Der Masterplan Ladeinfrastruktur

Das WEMoG modernisiert das in die Jahre gekommene Wohnungseigentumsgesetz (WEG) und das allgemeine Mietrecht im Bürgerlichen Gesetzbuch (BGB). Das ist nicht zuletzt nötig, um den Masterplan Ladeinfrastruktur der Bundesregierung umzusetzen, der vorsieht, dass bis 2030 1 Mio. Ladepunkte geschaffen werden (wir berichteten). Elektrofahrzeuge lassen sich auf deutschen Straßen nur etablieren, wenn es (auch) zu Hause oder am Arbeitsplatz Lademöglichkeiten gibt. Das bisher geltende Recht errichtete für Wohnungseigentümer und Mieter mit Blick auf Zustimmungserfordernisse (WEG) und fehlende Anspruchstatbestände (Mieter) hohe Hürden.

Ansprüche für ausbauwillige Wohnungseigentümer

Nach dem neuen WEG hat jeder Wohnungseigentümer einen Anspruch darauf, das gemeinschaftliche Eigentum zu verändern und Ladeinfrastruktur zu schaffen. Solche baulichen Veränderungen sind künftig mit einfacher Mehrheit möglich, die auch eingeklagt werden kann, solange die Wohnanlage nicht „grundlegend umgestaltet“ wird oder andere Wohnungseigentümer „unbillig benachteiligt“ werden.

Grundsätzlich sind die Kosten ausschließlich von denjenigen Eigentümern zu tragen, die der Errichtung von Ladeinfrastruktur zugestimmt haben. Im Gegenzug können allerdings auch nur sie an den Nutzungen der baulichen Veränderungen partizipieren. Eine abweichende Lastenverteilung nach Miteigentumsteilen kann allerdings mit mehr als zwei Dritteln der abgegebenen Stimmen und mehr als der Hälfte der Miteigentumsanteile beschlossen werden oder – auch bei einfachem Mehrheitsbeschluss – sich die Kosten innerhalb eines angemessenen Zeitraums amortisieren.

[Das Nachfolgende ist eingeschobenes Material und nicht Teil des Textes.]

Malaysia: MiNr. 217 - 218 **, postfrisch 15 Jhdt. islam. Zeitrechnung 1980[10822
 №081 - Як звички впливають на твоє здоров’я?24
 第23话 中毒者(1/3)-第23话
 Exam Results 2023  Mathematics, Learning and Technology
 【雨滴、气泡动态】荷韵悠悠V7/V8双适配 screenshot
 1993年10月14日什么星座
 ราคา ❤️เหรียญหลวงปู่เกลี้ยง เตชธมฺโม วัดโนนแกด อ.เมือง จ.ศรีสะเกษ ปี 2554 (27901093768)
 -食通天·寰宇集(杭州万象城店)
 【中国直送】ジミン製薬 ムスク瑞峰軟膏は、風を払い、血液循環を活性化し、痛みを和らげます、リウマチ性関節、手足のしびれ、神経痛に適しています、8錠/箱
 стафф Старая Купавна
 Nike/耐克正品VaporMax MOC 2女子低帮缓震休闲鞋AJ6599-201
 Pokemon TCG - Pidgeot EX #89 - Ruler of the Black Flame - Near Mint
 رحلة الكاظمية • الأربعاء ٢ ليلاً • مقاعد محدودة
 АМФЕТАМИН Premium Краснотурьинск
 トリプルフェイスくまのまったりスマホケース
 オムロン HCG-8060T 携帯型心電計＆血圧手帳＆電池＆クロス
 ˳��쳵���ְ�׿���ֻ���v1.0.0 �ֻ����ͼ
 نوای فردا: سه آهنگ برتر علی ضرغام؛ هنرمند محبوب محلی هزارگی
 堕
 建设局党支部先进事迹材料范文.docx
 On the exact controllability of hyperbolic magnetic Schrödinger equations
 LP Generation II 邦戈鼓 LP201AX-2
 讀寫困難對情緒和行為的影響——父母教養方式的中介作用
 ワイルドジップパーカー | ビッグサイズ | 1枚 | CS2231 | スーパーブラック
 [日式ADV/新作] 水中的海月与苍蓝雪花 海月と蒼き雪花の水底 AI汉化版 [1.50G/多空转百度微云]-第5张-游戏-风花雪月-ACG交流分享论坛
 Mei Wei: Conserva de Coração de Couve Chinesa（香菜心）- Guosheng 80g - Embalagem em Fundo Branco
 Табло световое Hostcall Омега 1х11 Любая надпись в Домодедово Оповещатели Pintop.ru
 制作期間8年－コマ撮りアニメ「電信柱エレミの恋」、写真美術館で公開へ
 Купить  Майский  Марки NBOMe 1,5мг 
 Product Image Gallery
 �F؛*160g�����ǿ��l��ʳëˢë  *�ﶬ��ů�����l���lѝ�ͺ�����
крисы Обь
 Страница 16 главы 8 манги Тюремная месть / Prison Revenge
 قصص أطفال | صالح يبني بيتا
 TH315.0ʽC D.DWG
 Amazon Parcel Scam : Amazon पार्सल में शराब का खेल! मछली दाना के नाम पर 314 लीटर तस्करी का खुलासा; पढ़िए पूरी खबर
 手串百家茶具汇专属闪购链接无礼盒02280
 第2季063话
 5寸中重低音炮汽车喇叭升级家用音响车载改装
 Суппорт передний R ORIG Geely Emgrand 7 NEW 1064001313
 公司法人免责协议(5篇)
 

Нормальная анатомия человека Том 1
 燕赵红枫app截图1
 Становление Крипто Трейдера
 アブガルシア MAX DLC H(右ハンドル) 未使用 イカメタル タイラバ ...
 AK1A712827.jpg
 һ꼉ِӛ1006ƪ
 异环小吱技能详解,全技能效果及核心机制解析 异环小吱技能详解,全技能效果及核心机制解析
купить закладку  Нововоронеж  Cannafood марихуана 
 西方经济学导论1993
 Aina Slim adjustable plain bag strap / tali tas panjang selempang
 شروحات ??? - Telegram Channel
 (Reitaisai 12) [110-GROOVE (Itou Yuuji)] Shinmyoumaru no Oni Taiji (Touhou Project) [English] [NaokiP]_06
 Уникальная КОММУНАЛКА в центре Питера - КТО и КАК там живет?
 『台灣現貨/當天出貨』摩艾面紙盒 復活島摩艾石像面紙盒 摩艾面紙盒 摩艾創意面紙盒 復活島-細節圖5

Harmonisierung von Miet- und Wohnungseigentumsrecht

Auch ausbauwillige Mieter haben künftig einen Anspruch darauf, dass der Vermieter ihnen den Einbau von Ladeinfrastruktur auf Flächen erlaubt, die zum Mitgebrauch vermietet sind. Der Vermieter kann die Erlaubniserteilung jedoch verweigern, wenn ihm die bauliche Veränderung nicht zugemutet werden kann. Wann die Schaffung von Ladeinfrastruktur allerdings unzumutbar ist, dazu schweigt die Entwurfsbegründung: Abzuwägen sind Konsolidierungsinteresse des Vermieters einerseits und Veränderungsinteresse des Mieters andererseits. So sollen zugunsten des Vermieters das Interesse an einer eigenen Vornahme, drohende negative Folgen für seine Rechtsbeziehungen zu Dritten und ein etwaiges Rückbaurisiko zu berücksichtigen sein. Etwaige technische Hemmnisse (bspw. begrenzte Leistungskapazitäten von Hausanschlüssen oder Ortsnetzen, unzureichende elektrische Gebäudeinfrastruktur o.ä.) – wie von der Wohnungs- und Immobilienwirtschaft gefordert – werden allerdings im Rahmen der Unzumutbarkeitsgründe gerade nicht genannt. Eben jene Interessenabwägung dürfte in der Praxis erhebliche Anwendungsprobleme bereiten – jedenfalls bis es eine gefestigte Rechtsprechung dazu gibt, auf die im Streitfall zurückgegriffen werden kann.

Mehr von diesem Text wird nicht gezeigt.